Tips and tricks for desert photography? Favorite presets for desert photography editing?  

My cousin is getting married in Vegas and wants photos in the desert.  
Anyone know my best park option for easy to get to red Rock formations since the wedding party will be dressed up.  Any other info you have is greatly appreciated!  Not much desert shooting experience in WI.

Thank you!


----------



## Soocom1 (Jun 21, 2019)

First and foremost, try NOT to change lenses very often. 
Secondly, you will be in heat, so water for you, and keep the camera out of direct sunlight. 
Nevada is notoriously hot, so keep the camera itself in shade as much as possible. You would be surprised what can happen and quickly.  

Desert shooting means ALOT of reflective light, so exposure compensation and other aspects along with a good polarizer and or UV filter is in order. remember that in many areas of NV your elevation is around 1/2 mile (3,500-4,000 feet) so there is alot more UV light.  Keep shirts long because of the sun exposure. 

Lens flair covers work very well here and watch the sun flair. 

CA can be annoying if not careful. 

There are many other aspects to watch, but the single most important is elevation and lack of tree-ground cover. So I very STRONGLY recommend researching that single aspect, not just the photographic, but physical, and because elevation is higher, you will experience some shortness of breath. DO NOT UNDERESTIMATE THAT, and make sure the wedding party has ALOT of water available.  

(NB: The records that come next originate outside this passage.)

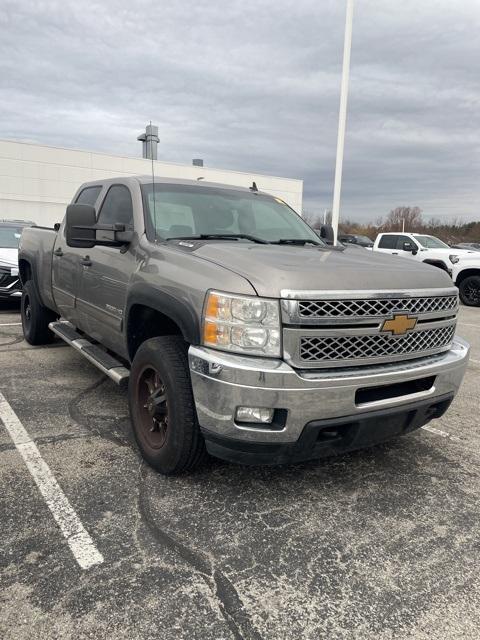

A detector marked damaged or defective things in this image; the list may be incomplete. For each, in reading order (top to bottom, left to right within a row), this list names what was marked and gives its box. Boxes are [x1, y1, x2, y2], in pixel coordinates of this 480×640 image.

crack in asphalt [137, 462, 264, 640]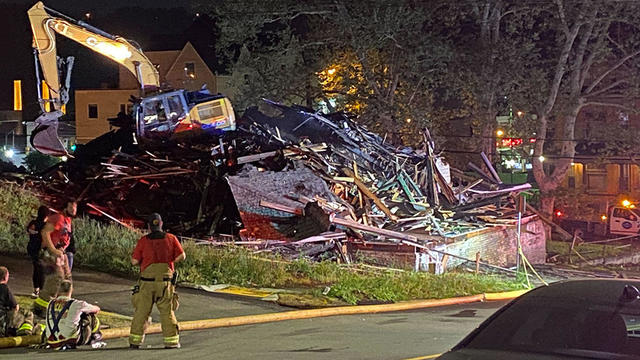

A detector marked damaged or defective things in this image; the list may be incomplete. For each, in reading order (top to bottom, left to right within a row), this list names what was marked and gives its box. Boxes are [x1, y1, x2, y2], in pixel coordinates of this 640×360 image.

splintered lumber [258, 198, 304, 215]
splintered lumber [342, 169, 398, 222]
splintered lumber [330, 214, 420, 242]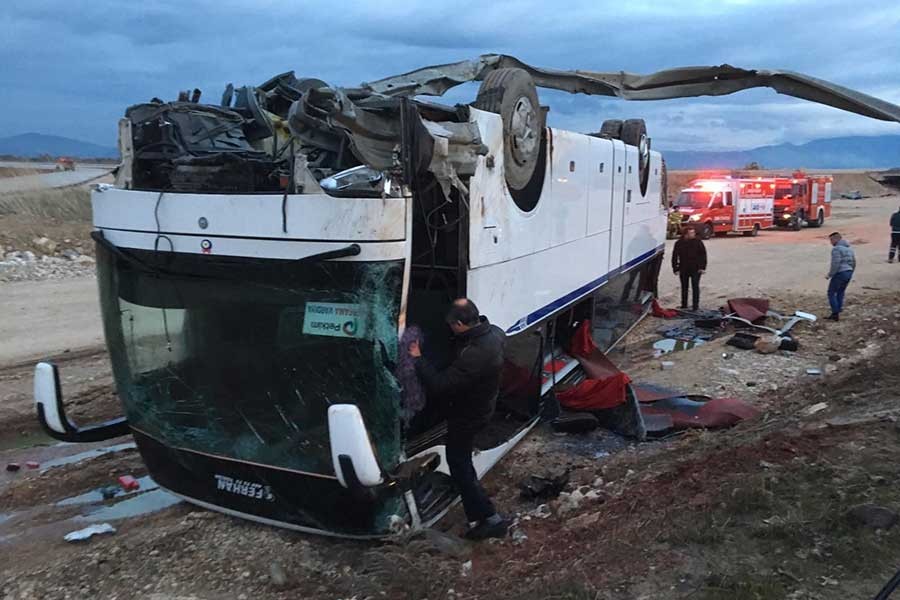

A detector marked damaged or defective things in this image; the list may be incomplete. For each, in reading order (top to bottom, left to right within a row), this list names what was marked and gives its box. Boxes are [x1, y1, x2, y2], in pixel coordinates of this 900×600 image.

overturned bus [33, 55, 900, 536]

The reflective light is important as stated, so pay attention to poses and if you can find shade, use it.


----------



## Epiphany (Jun 23, 2019)

I should add that I will be photographing one hour prior to sunset.  Hope this will help with flair and heat!


----------



## Soocom1 (Jun 23, 2019)

More challange. 
In NV and especially this time of year you will have alot of sky color due to dust and smkoe from wildfires.

If it gets windy, you will definitely want the UV filter because of scattered light and poss. the polarizer. 

Early evening means the suns light will be a majestic golden yellow and with the red rocks will cause a MASSIVE alteration to orange. 

This is the golden hour and run and play quickly. The opportunities for light is masssive and the love silhouette time is right then. 
Also backward reflective light. 
Ergo: sun behind you but reflective light in front to make a partially lit up silhouette. 

Make good use of it and have fun


----------



## Epiphany (Jul 6, 2019)

Thank you!!


----------



## Galaxy Studios (Jul 29, 2019)

Deserts can make for very dramatic and beautiful landscapes but it can also be challenging to avoid your photos appearing flat and uninteresting. It’s no secret that photographing in the early morning or late afternoon provides a wonderfully soft light for your images which helps you avoid making them look flat and the desert is no exception. The soft light can give the sand a beautiful glow and in the above photo, the red late afternoon light has really brought out the color of the sand. As always, if you are going to be using a slow shutter speed make sure you have a tripod.


----------